Start of Block

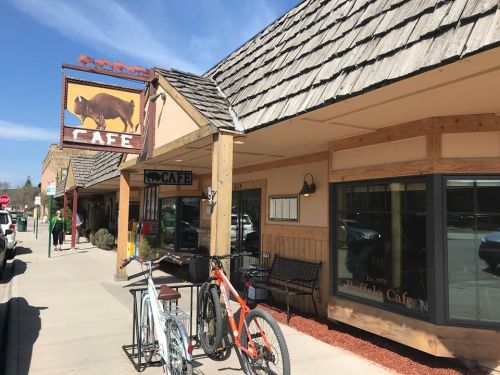 A quaint café with a buffalo sign, outdoor seating, and bicycles parked outside on a sunny day.
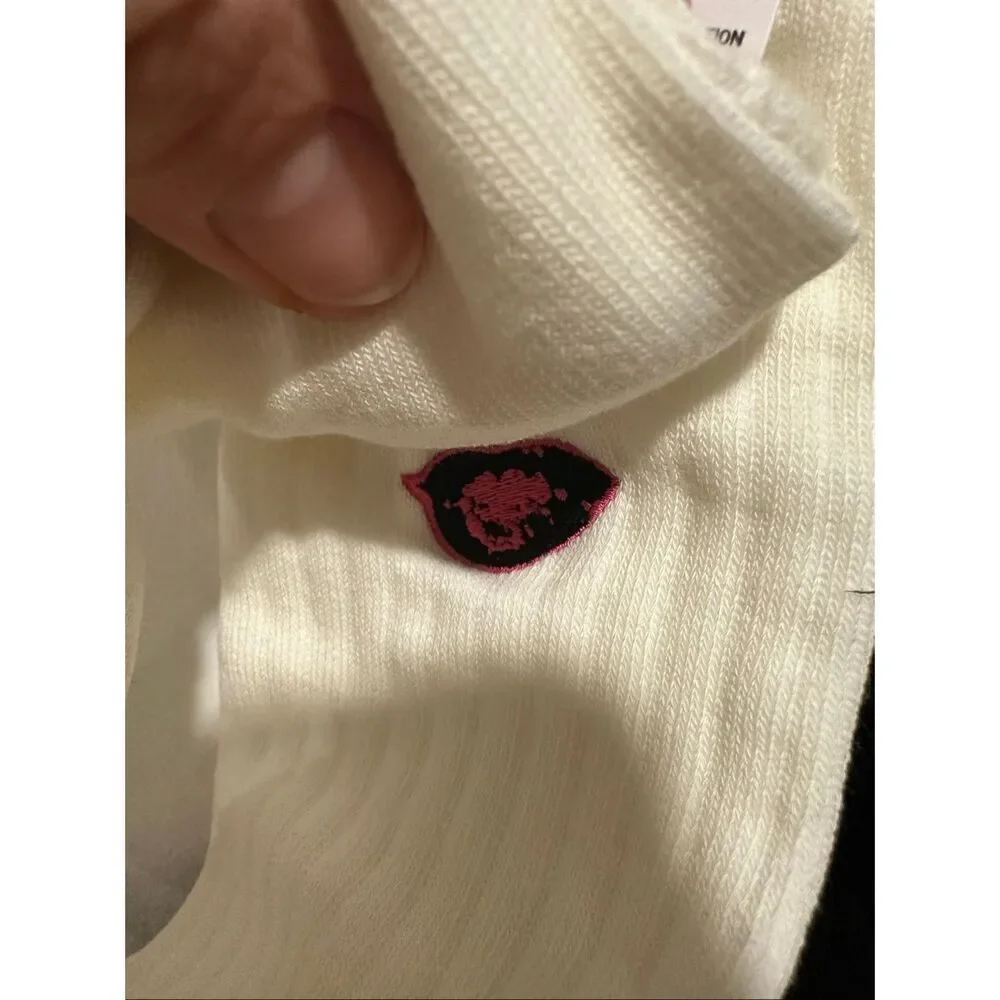 Mismatched Uniqlo x Artist Socks – KAWS Elmo & Andy Warhol Lips
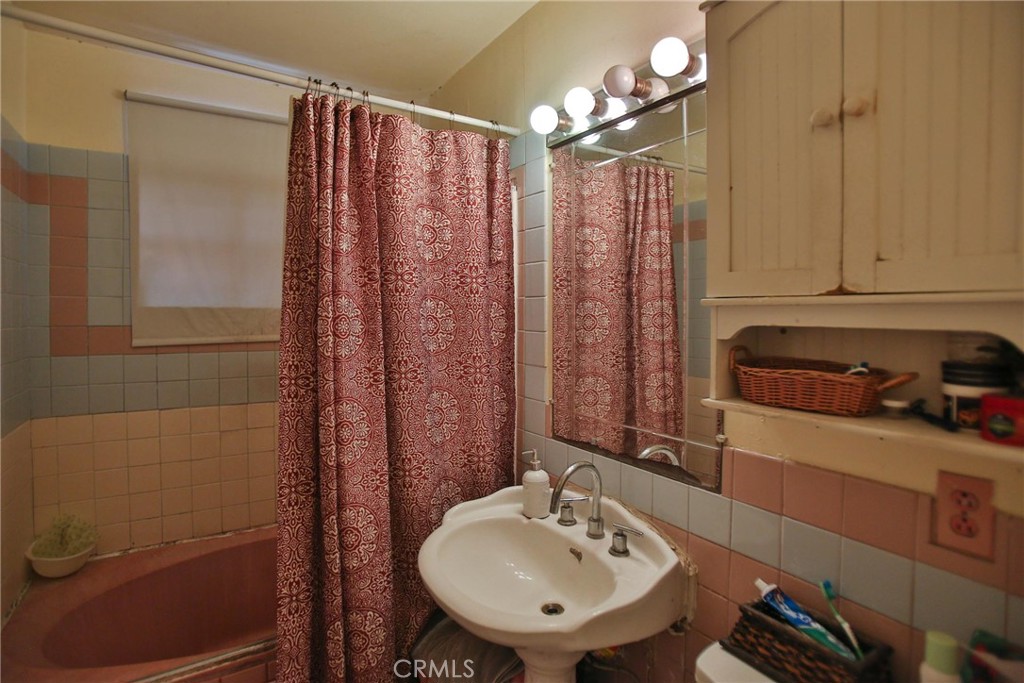 2525 West 10th Street Santa Ana, CA 92703 - Photo 30 of 37 a bathroom with a sink a toilet and shower curtain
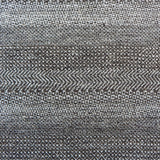 Handknotted rug with small scale geometric pattern in dark brown and ivory. 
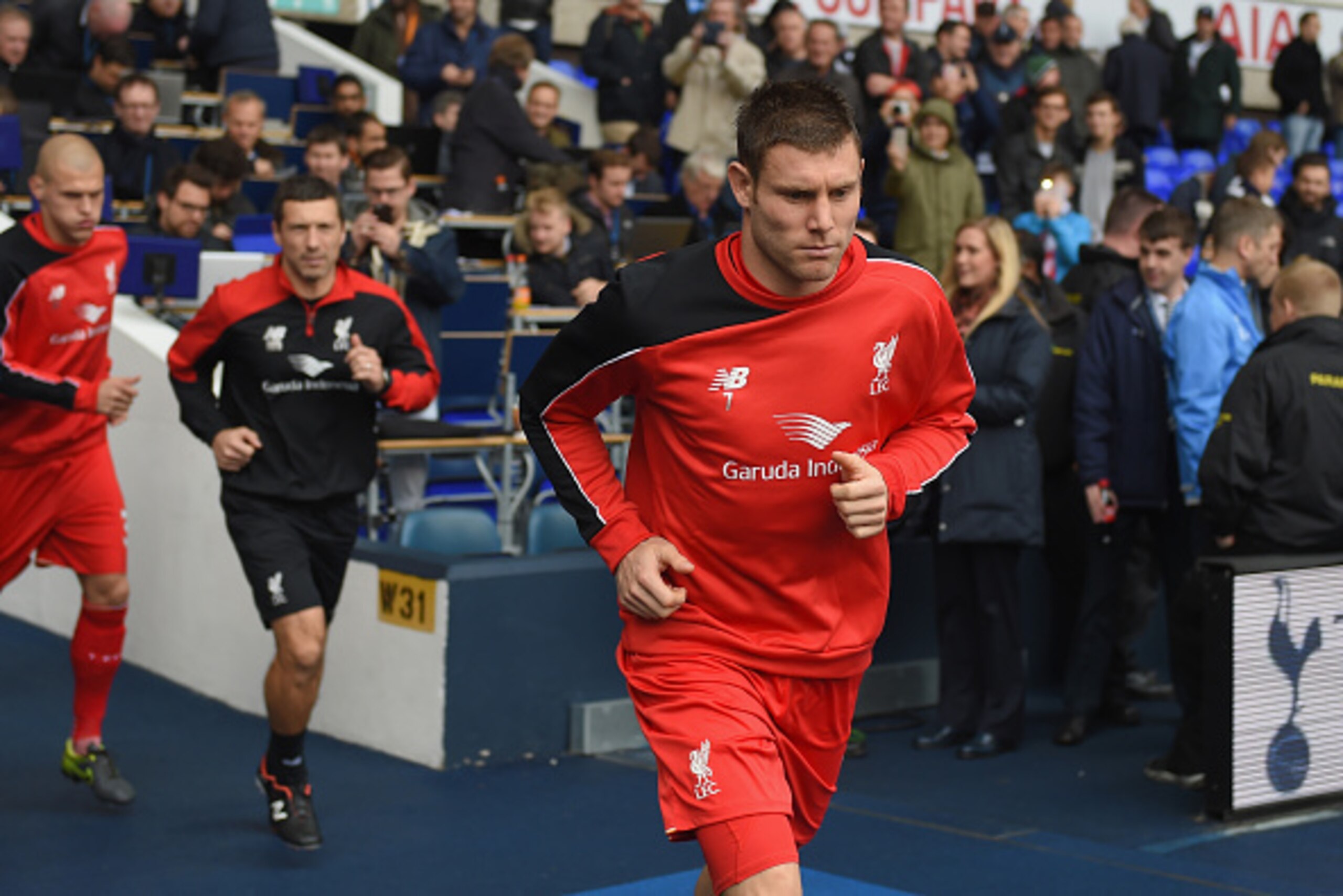 LONDON, ENGLAND - OCTOBER 17: James Milner of Liverpool runs into the pitch for the warm-up prior to the Barclays Premier League match between Tottenham Hotspur and Liverpool at White Hart Lane on October 17, 2015 in London, England.  (Photo by Michael Re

End of Block

PROBLEM REQUIREMENTS :: Each line from the one that contains "2525 West 10th" to the end of the listing must be quoted exactly; no other line and no picture belongs in the copy.

ANSWER AREA ::
 2525 West 10th Street Santa Ana, CA 92703 - Photo 30 of 37 a bathroom with a sink a toilet and shower curtain
 Handknotted rug with small scale geometric pattern in dark brown and ivory. 
 LONDON, ENGLAND - OCTOBER 17: James Milner of Liverpool runs into the pitch for the warm-up prior to the Barclays Premier League match between Tottenham Hotspur and Liverpool at White Hart Lane on October 17, 2015 in London, England.  (Photo by Michael Re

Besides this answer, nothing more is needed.